Os relatos do livro Conversa com o General, onde se narram os bastidores do famoso tweet com o que o ex-comandante do Exército Eduardo Villas Bôas emparedou o STF para que negasse o habeas corpus do ex-presidente Lula para recorrer da condenação em liberdade, em 2018, fala de atitude em tudo semelhante ao que fez, naqueles anos 80, o então tenente Bolsonaro: conspirar com seus camaradas de armas para, num ato de transgressão à legalidade e à disciplina militar, pressionar para obter o resultado político que lhe convinha.

O tweet rascunhado por oficiais generais é, afinal, semelhante ao croquis feito – e renegado depois, ao menos – por Jair Bolsonaro para a colocação das bombas. Aliás, é mais grave, porque a ameaça dos traques que o então tenente pretendia soltar talvez partissem tubulões, enquanto o tweet dos generais destinava-se a quebrar a independência e harmonia dos poderes da República.

Suas alegações de que havia “muita demanda” por uma intervenção militar e que “era muito mais prudente preveni-la do que, depois, sermos empregados para contê-la” é de um cinismo atroz: jamais ninguém cogitou e muito menos sugeriu que se usariam as Forças Armadas contra as manifestações da direita , bem como é terrível a sua fala de que “a porosidade” da tropa a fazia compartilhar “ansiedade semelhante”.

O general quer dizer que a tropa iria se sublevar contra uma orientação legalista de seu comando. Não, isso não aconteceria e, noutro ponto, o próprio general admite que abriu os quartéis para a pregação pró-ditadura de Jair Bolsonaro, que não faltava a formaturas até de recrutas.

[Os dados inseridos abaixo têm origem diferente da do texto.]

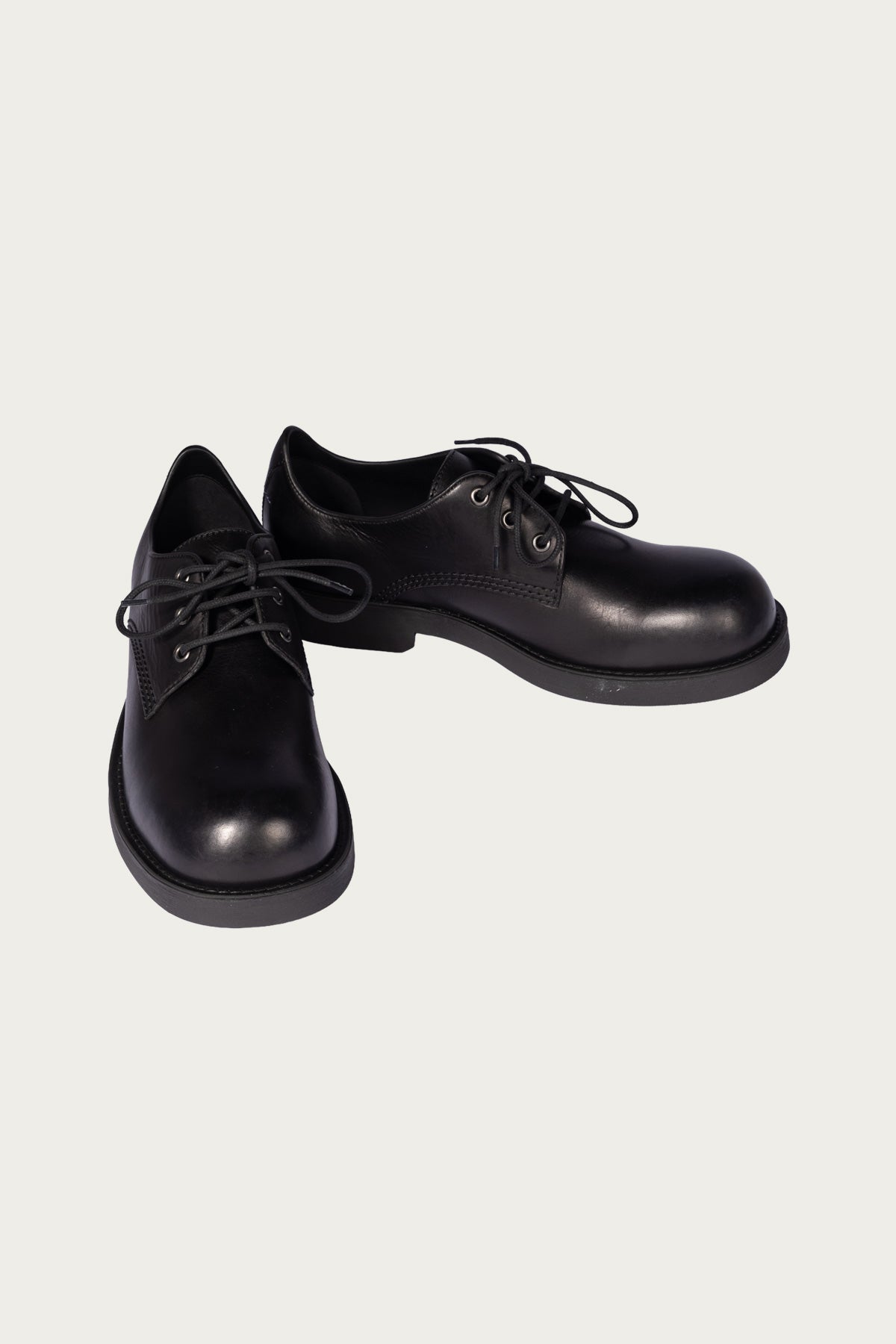 MM6 Maison Margiela - Leather Lace Up Shoe - Black - Canoe Club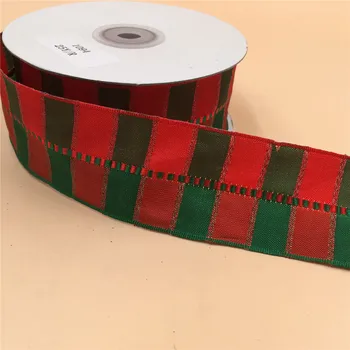 N1094 38MM X 25yards Vianočné páse s nástrojmi červenú/zelenú kocku darčekové balenie káblové okraja pásky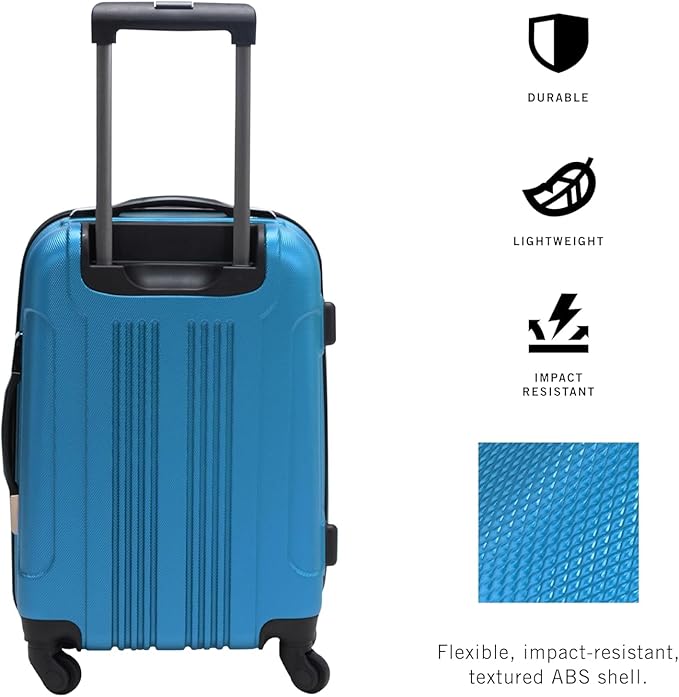 Kenneth Cole REACTION Out of Bounds Lightweight Hardshell 4-Wheel Spinner Luggage, Teal, 20-Inch Carry On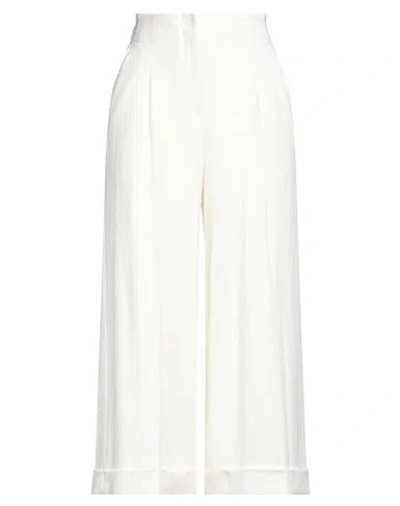 Peserico Woman Pants Ivory Size 10 Cotton, Linen, Polyamide, Elastane In White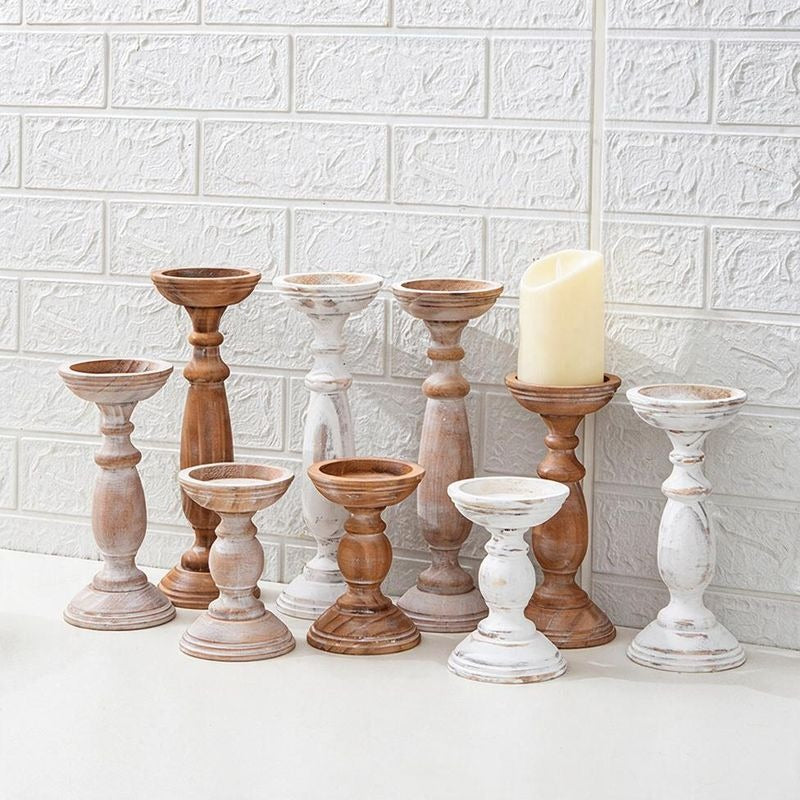 Rustic Wooden Candle Holders Set of 3, Vintage Brown Wood Candlesticks, 6" 9" 12" Height, Home Decor Centerpiece, Wedding Table Decor, Farmhouse Decor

Portanto, a “ansiedade semelhante” era, senão semeada, ao menos regada pelas ordem da alta cúpula militar.

A irritação da cúpula militar com a Comissão da Verdade, várias vezes colocada no livro como fonte do descontentamento militar com o governo Dilma nada tem a ver com a honra e a lealdade a que se devem obrigar os militares, sobretudo porque lealdade, quando não há honra no que se faz – a menos que se considere tortura honrosa – não há lealdade possível, trata-se apenas de cumplicidade.

 

Mas, ao contrário, há deslealdade naqueles militares que conspiraram tanto no golpe quanto na eleição de Bolsonaro – o general não conta o que é o “segredo” mencionado pelo próprio presidente, em público, ao dizer “o que já conversamos morrerá entre nós”ara completar com um escancarado “o senhor é um dos responsáveis por eu estar aqui”.

O seu croquis, ao contrário do tenente Bolsonaro, funcionou, mas não por isso deixa de ser menos criminoso e menos merecedor do conceito com que Ernesto Geisel brindou o tenente “bombinha” : um mau militar.